(What the exercise asks)
Among the lines of data below, reproduce only those from the one with "A long crochet" through the one with "RÉTROVISEUR-CLIGNOTANT VÉLO QLÏR", exactly as they stand, both ends included.

(Dataset content)
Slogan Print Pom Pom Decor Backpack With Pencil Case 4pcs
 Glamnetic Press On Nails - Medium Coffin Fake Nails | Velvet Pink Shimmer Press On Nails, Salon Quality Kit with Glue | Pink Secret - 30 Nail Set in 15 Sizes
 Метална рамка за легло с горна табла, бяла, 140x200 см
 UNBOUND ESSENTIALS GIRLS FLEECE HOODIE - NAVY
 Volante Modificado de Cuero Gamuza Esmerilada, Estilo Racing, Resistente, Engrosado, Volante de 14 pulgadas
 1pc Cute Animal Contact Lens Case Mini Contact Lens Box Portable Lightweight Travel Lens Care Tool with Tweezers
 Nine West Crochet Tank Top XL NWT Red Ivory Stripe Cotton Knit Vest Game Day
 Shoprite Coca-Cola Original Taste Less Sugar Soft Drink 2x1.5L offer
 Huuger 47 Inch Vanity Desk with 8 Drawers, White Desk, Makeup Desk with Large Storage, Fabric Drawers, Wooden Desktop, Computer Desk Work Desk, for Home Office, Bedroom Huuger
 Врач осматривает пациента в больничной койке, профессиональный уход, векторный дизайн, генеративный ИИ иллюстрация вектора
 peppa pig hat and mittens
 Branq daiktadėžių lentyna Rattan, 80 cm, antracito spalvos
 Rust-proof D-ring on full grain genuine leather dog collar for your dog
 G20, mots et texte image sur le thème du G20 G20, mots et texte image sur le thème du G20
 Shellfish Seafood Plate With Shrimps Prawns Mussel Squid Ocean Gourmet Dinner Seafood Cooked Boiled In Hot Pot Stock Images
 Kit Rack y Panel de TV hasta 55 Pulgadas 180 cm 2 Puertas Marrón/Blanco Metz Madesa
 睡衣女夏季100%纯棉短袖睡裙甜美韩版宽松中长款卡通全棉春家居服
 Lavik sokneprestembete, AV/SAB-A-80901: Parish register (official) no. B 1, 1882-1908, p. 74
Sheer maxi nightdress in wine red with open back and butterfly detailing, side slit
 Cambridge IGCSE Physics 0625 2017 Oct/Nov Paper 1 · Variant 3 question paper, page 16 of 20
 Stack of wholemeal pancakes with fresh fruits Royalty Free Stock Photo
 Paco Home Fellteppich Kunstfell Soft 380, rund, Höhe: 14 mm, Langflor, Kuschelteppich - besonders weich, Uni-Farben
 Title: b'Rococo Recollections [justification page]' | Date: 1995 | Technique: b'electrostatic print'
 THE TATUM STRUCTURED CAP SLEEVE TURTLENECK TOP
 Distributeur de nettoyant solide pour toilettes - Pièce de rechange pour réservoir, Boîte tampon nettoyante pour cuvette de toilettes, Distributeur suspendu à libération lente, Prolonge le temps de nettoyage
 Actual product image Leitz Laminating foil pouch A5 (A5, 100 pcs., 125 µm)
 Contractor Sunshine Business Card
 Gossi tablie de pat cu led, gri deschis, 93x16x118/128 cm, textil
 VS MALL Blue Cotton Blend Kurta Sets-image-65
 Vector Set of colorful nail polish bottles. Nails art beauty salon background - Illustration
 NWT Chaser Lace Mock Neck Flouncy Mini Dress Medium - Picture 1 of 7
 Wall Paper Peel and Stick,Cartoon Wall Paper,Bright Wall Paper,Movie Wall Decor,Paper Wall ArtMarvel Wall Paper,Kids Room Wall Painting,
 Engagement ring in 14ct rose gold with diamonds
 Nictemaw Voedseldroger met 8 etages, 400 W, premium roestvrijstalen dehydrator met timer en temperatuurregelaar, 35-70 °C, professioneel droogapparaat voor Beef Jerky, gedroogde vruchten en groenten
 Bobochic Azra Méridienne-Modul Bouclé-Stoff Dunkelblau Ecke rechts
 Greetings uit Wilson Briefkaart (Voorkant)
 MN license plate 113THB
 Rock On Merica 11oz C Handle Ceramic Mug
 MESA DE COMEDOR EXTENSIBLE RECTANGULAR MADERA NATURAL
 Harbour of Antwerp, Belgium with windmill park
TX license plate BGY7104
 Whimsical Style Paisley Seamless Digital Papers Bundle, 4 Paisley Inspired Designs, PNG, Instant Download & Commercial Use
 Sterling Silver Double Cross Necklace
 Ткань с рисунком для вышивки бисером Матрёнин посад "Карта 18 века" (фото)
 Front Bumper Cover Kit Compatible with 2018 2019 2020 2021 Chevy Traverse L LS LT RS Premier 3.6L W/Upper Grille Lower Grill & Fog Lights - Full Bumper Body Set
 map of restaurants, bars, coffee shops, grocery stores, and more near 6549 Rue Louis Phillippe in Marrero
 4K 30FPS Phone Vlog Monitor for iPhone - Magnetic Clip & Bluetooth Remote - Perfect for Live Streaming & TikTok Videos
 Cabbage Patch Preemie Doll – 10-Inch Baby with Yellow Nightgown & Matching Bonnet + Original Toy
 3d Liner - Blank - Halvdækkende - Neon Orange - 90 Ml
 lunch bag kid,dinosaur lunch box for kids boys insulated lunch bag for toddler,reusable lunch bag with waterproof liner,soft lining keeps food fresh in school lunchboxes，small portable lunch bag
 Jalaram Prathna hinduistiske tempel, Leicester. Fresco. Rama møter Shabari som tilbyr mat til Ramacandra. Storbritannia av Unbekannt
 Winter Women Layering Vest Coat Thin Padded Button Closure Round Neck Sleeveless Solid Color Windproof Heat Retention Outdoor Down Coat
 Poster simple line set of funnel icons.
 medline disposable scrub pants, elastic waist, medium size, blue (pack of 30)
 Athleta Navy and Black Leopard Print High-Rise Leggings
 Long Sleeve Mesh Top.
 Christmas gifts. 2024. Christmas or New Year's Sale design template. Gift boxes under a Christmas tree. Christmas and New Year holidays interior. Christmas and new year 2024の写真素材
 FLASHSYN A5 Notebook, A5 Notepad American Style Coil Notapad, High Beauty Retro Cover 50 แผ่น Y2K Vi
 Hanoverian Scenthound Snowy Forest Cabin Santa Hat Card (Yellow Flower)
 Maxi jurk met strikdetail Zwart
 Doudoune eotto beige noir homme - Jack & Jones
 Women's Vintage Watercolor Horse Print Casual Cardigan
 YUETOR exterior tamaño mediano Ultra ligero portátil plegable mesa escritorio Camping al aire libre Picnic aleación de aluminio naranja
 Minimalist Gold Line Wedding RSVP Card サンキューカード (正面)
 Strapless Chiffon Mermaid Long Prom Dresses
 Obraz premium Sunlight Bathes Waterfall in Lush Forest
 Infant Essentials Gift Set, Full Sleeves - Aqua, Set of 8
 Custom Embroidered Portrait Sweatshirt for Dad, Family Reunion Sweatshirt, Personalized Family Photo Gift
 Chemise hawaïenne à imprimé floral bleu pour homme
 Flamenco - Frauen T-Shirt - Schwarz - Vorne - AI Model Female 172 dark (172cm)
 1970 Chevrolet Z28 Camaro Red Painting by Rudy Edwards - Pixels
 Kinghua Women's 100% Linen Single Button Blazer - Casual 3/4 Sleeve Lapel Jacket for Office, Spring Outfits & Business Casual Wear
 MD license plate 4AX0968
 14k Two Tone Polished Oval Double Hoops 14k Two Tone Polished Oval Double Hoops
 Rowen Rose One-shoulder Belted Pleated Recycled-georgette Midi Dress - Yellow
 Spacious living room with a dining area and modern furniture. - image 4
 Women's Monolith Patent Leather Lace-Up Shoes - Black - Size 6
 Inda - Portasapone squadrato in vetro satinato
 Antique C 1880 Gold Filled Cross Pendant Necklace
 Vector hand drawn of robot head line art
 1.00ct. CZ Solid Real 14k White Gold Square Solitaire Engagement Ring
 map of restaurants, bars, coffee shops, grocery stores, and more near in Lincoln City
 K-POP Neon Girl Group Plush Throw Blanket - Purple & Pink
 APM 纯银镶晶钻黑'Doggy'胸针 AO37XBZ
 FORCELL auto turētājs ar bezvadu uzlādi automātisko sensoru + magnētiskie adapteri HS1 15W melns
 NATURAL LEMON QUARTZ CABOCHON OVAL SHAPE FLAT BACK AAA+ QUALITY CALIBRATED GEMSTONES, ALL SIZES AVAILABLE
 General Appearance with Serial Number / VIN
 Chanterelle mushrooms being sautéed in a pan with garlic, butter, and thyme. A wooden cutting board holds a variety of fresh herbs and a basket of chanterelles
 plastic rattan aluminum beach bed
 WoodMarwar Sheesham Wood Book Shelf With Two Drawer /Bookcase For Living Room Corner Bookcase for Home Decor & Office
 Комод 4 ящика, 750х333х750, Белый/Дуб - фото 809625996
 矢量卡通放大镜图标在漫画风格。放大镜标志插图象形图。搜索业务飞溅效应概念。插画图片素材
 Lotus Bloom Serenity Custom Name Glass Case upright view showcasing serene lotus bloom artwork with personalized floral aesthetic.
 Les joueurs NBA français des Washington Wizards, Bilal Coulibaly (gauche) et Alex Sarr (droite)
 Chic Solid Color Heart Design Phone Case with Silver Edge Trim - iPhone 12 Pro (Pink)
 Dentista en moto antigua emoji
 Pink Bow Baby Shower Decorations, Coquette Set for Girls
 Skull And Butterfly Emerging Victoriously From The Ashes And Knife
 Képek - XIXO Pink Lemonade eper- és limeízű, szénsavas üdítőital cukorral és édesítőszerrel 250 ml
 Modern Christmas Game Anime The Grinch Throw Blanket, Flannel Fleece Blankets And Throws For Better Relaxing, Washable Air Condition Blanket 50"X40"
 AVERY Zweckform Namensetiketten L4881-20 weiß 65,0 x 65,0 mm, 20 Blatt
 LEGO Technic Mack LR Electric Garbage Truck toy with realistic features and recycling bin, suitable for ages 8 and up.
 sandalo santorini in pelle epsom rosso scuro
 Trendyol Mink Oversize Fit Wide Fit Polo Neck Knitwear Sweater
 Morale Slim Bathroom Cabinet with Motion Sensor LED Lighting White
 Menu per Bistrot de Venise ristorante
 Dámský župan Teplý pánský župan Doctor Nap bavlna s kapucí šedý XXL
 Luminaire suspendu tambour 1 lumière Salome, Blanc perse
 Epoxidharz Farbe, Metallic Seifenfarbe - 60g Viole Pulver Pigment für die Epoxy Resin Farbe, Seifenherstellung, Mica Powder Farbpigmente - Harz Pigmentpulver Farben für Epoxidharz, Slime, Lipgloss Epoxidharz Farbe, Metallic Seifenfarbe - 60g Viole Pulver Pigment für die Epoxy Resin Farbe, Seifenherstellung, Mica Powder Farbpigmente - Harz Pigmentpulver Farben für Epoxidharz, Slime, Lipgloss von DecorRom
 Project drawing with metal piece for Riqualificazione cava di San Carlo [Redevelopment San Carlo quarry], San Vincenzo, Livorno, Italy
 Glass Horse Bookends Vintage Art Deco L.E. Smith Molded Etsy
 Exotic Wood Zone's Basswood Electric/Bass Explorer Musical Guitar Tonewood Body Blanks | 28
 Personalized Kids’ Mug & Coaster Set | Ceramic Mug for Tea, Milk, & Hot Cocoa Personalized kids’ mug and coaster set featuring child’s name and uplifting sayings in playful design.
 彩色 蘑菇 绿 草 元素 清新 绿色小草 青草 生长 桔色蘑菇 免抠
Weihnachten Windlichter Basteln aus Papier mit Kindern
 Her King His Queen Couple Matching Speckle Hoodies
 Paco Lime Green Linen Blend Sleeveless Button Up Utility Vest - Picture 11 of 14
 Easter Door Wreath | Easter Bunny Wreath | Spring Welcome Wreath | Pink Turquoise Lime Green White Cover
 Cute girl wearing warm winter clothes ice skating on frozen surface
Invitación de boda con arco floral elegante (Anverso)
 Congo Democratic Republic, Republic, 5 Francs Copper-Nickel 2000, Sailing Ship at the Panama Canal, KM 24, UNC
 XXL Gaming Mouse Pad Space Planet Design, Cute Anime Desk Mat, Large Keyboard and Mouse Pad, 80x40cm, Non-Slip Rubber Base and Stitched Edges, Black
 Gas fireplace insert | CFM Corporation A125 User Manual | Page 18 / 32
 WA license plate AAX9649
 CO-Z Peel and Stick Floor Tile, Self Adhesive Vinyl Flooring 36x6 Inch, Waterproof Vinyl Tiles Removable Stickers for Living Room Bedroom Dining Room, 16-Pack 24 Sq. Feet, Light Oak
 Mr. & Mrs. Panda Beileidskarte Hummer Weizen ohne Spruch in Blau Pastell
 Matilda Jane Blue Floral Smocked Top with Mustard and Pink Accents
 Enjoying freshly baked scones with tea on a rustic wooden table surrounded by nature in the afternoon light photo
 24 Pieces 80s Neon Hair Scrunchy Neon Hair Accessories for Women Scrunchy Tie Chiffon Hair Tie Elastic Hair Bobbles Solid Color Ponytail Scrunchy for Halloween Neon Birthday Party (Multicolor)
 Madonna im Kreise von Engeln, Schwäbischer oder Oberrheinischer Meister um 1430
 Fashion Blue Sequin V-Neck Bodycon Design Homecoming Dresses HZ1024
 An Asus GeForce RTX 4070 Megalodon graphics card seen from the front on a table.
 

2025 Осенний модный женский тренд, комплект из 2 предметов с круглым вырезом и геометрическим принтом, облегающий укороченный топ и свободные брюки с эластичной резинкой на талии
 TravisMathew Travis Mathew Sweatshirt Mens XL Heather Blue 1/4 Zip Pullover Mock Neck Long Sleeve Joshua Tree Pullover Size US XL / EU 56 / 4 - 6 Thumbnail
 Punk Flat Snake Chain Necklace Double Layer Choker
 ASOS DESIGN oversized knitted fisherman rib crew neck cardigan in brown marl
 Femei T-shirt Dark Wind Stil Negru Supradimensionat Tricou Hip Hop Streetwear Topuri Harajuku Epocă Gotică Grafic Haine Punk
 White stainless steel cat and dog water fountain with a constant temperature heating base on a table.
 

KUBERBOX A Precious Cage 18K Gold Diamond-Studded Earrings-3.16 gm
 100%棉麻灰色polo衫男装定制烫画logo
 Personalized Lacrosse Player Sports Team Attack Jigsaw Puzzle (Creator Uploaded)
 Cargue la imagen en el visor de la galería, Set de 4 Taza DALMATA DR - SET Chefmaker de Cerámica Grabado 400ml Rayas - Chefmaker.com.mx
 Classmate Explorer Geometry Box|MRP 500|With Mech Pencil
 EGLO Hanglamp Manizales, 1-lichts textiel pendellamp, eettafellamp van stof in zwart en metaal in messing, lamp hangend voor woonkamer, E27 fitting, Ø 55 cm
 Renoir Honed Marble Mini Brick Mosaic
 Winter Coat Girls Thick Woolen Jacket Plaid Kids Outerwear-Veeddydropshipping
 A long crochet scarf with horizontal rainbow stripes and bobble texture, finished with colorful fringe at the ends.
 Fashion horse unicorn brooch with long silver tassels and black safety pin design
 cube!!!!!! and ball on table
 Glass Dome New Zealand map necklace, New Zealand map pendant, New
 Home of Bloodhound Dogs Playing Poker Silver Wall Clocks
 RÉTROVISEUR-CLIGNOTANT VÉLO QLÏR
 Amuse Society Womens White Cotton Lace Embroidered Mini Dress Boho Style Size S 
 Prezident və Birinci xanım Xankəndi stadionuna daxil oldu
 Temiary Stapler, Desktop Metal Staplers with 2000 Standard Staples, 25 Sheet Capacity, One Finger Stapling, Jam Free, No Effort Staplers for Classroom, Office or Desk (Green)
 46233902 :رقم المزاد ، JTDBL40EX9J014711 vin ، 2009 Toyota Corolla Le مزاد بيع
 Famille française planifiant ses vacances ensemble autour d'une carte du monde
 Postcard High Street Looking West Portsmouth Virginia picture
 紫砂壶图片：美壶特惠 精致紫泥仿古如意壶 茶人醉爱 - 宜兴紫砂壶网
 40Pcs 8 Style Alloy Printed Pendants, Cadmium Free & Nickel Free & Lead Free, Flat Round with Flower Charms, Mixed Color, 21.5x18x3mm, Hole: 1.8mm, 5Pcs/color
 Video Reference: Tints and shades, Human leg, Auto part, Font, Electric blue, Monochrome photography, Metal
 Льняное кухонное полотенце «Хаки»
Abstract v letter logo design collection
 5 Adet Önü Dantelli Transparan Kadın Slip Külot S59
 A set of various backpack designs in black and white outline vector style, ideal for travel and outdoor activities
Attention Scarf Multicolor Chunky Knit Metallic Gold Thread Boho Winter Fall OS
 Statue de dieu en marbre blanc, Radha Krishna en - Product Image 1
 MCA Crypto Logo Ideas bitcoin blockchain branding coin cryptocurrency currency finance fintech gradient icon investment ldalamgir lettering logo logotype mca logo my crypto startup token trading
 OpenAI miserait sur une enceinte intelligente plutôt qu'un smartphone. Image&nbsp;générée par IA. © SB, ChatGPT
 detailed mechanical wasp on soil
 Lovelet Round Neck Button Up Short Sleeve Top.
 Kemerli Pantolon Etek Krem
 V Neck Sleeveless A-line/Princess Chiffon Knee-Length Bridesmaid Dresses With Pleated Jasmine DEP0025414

(Exercise solution)
 A long crochet scarf with horizontal rainbow stripes and bobble texture, finished with colorful fringe at the ends.
 Fashion horse unicorn brooch with long silver tassels and black safety pin design
 cube!!!!!! and ball on table
 Glass Dome New Zealand map necklace, New Zealand map pendant, New
 Home of Bloodhound Dogs Playing Poker Silver Wall Clocks
 RÉTROVISEUR-CLIGNOTANT VÉLO QLÏR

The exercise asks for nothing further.